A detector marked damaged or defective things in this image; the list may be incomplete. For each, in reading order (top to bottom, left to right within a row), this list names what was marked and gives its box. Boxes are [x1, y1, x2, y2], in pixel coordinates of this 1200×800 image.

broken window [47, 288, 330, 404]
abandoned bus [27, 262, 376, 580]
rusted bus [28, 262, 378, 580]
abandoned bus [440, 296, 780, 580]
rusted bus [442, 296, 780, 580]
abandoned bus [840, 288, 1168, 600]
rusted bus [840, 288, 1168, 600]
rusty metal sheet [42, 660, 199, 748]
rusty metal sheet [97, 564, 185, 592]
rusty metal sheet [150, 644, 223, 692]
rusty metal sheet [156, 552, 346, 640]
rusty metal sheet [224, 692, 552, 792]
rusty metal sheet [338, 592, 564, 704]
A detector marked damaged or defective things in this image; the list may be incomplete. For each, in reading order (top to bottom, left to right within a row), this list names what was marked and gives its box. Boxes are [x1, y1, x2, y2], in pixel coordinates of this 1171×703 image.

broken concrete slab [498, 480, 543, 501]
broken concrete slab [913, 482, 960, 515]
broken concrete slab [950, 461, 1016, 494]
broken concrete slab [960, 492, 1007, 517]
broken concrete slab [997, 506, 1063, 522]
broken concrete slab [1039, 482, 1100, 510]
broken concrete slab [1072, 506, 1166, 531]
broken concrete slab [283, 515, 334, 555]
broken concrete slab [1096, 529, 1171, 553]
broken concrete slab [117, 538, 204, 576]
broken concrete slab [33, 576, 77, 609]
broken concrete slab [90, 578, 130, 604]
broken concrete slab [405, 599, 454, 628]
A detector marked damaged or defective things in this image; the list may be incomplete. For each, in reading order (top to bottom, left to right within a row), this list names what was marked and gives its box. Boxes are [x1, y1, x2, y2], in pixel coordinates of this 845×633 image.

::::::::::

■ WORK TO COMPLETE: Transcribe the entire listing. Leave every word as it is.

■ OUTPUT OF THE EXERCISE:
A detector marked damaged or defective things in this image; the list may be incomplete. For each, in reading order (top to bottom, left to right within a row), this list names what was marked and gives its box. Boxes are [x1, y1, x2, y2], in pixel coordinates of this 1200×800 image.

broken window [47, 288, 330, 404]
abandoned bus [27, 262, 376, 580]
rusted bus [28, 262, 378, 580]
abandoned bus [440, 296, 780, 580]
rusted bus [442, 296, 780, 580]
abandoned bus [840, 288, 1168, 600]
rusted bus [840, 288, 1168, 600]
rusty metal sheet [42, 660, 199, 748]
rusty metal sheet [97, 564, 185, 592]
rusty metal sheet [150, 644, 223, 692]
rusty metal sheet [156, 552, 346, 640]
rusty metal sheet [224, 692, 552, 792]
rusty metal sheet [338, 592, 564, 704]
A detector marked damaged or defective things in this image; the list may be incomplete. For each, in reading order (top to bottom, left to right within a row), this list names what was marked and gives its box. Boxes are [x1, y1, x2, y2], in pixel coordinates of this 1171×703 image.

broken concrete slab [498, 480, 543, 501]
broken concrete slab [913, 482, 960, 515]
broken concrete slab [950, 461, 1016, 494]
broken concrete slab [960, 492, 1007, 517]
broken concrete slab [997, 506, 1063, 522]
broken concrete slab [1039, 482, 1100, 510]
broken concrete slab [1072, 506, 1166, 531]
broken concrete slab [283, 515, 334, 555]
broken concrete slab [1096, 529, 1171, 553]
broken concrete slab [117, 538, 204, 576]
broken concrete slab [33, 576, 77, 609]
broken concrete slab [90, 578, 130, 604]
broken concrete slab [405, 599, 454, 628]
A detector marked damaged or defective things in this image; the list may be incomplete. For each, in reading order (top to bottom, left to right within a row), this list names what was marked and gives its box. Boxes are [x1, y1, x2, y2], in pixel coordinates of this 845×633 image.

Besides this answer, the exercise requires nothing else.